Work instructions: Present an exact copy of each line below.

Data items
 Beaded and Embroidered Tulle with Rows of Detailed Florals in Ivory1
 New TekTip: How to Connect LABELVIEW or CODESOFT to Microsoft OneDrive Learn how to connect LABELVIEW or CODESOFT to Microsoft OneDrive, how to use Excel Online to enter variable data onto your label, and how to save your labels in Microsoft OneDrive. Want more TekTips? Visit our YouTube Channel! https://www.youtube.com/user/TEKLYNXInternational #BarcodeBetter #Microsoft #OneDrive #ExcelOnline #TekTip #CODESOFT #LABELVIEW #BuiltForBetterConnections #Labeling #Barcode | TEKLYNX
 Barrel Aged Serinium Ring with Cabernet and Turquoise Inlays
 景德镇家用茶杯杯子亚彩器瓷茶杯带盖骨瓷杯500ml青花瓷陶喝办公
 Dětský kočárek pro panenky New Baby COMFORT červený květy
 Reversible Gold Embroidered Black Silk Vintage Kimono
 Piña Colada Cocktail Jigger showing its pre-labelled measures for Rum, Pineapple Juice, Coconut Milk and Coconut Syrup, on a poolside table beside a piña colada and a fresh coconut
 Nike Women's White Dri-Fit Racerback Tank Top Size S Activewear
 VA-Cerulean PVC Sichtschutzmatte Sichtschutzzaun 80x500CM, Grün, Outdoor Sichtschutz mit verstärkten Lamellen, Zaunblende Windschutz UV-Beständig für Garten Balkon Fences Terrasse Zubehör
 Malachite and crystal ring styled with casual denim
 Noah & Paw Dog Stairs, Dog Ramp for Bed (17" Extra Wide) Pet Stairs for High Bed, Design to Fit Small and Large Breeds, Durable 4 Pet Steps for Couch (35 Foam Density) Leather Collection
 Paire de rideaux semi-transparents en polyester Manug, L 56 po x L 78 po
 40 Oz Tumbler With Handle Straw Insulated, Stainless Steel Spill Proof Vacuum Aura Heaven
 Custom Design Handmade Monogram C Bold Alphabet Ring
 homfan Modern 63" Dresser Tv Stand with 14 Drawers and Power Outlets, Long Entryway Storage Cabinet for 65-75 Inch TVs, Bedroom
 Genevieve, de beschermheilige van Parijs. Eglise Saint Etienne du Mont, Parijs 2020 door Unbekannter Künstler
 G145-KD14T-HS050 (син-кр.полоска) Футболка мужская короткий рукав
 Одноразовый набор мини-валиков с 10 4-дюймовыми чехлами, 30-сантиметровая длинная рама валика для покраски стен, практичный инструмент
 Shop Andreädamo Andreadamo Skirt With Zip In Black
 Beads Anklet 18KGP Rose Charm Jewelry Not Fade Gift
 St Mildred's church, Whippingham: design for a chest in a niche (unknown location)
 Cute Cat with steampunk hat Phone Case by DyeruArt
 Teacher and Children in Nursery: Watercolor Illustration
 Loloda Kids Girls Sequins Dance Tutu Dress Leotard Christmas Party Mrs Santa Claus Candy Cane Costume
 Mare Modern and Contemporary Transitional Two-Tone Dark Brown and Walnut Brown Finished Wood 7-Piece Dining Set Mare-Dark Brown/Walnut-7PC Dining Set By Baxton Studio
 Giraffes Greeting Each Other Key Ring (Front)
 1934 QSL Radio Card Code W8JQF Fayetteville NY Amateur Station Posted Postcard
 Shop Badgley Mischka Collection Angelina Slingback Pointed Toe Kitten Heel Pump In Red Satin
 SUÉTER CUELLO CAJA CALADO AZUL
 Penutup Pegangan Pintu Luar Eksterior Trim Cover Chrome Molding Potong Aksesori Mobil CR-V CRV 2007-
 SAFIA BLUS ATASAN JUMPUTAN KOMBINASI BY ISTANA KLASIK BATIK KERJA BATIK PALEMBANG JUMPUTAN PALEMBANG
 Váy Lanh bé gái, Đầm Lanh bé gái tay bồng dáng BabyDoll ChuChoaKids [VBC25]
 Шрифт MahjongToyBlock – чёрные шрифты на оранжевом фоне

Expected output:
 Beaded and Embroidered Tulle with Rows of Detailed Florals in Ivory1
 New TekTip: How to Connect LABELVIEW or CODESOFT to Microsoft OneDrive Learn how to connect LABELVIEW or CODESOFT to Microsoft OneDrive, how to use Excel Online to enter variable data onto your label, and how to save your labels in Microsoft OneDrive. Want more TekTips? Visit our YouTube Channel! https://www.youtube.com/user/TEKLYNXInternational #BarcodeBetter #Microsoft #OneDrive #ExcelOnline #TekTip #CODESOFT #LABELVIEW #BuiltForBetterConnections #Labeling #Barcode | TEKLYNX
 Barrel Aged Serinium Ring with Cabernet and Turquoise Inlays
 景德镇家用茶杯杯子亚彩器瓷茶杯带盖骨瓷杯500ml青花瓷陶喝办公
 Dětský kočárek pro panenky New Baby COMFORT červený květy
 Reversible Gold Embroidered Black Silk Vintage Kimono
 Piña Colada Cocktail Jigger showing its pre-labelled measures for Rum, Pineapple Juice, Coconut Milk and Coconut Syrup, on a poolside table beside a piña colada and a fresh coconut
 Nike Women's White Dri-Fit Racerback Tank Top Size S Activewear
 VA-Cerulean PVC Sichtschutzmatte Sichtschutzzaun 80x500CM, Grün, Outdoor Sichtschutz mit verstärkten Lamellen, Zaunblende Windschutz UV-Beständig für Garten Balkon Fences Terrasse Zubehör
 Malachite and crystal ring styled with casual denim
 Noah & Paw Dog Stairs, Dog Ramp for Bed (17" Extra Wide) Pet Stairs for High Bed, Design to Fit Small and Large Breeds, Durable 4 Pet Steps for Couch (35 Foam Density) Leather Collection
 Paire de rideaux semi-transparents en polyester Manug, L 56 po x L 78 po
 40 Oz Tumbler With Handle Straw Insulated, Stainless Steel Spill Proof Vacuum Aura Heaven
 Custom Design Handmade Monogram C Bold Alphabet Ring
 homfan Modern 63" Dresser Tv Stand with 14 Drawers and Power Outlets, Long Entryway Storage Cabinet for 65-75 Inch TVs, Bedroom
 Genevieve, de beschermheilige van Parijs. Eglise Saint Etienne du Mont, Parijs 2020 door Unbekannter Künstler
 G145-KD14T-HS050 (син-кр.полоска) Футболка мужская короткий рукав
 Одноразовый набор мини-валиков с 10 4-дюймовыми чехлами, 30-сантиметровая длинная рама валика для покраски стен, практичный инструмент
 Shop Andreädamo Andreadamo Skirt With Zip In Black
 Beads Anklet 18KGP Rose Charm Jewelry Not Fade Gift
 St Mildred's church, Whippingham: design for a chest in a niche (unknown location)
 Cute Cat with steampunk hat Phone Case by DyeruArt
 Teacher and Children in Nursery: Watercolor Illustration
 Loloda Kids Girls Sequins Dance Tutu Dress Leotard Christmas Party Mrs Santa Claus Candy Cane Costume
 Mare Modern and Contemporary Transitional Two-Tone Dark Brown and Walnut Brown Finished Wood 7-Piece Dining Set Mare-Dark Brown/Walnut-7PC Dining Set By Baxton Studio
 Giraffes Greeting Each Other Key Ring (Front)
 1934 QSL Radio Card Code W8JQF Fayetteville NY Amateur Station Posted Postcard
 Shop Badgley Mischka Collection Angelina Slingback Pointed Toe Kitten Heel Pump In Red Satin
 SUÉTER CUELLO CAJA CALADO AZUL
 Penutup Pegangan Pintu Luar Eksterior Trim Cover Chrome Molding Potong Aksesori Mobil CR-V CRV 2007-
 SAFIA BLUS ATASAN JUMPUTAN KOMBINASI BY ISTANA KLASIK BATIK KERJA BATIK PALEMBANG JUMPUTAN PALEMBANG
 Váy Lanh bé gái, Đầm Lanh bé gái tay bồng dáng BabyDoll ChuChoaKids [VBC25]
 Шрифт MahjongToyBlock – чёрные шрифты на оранжевом фоне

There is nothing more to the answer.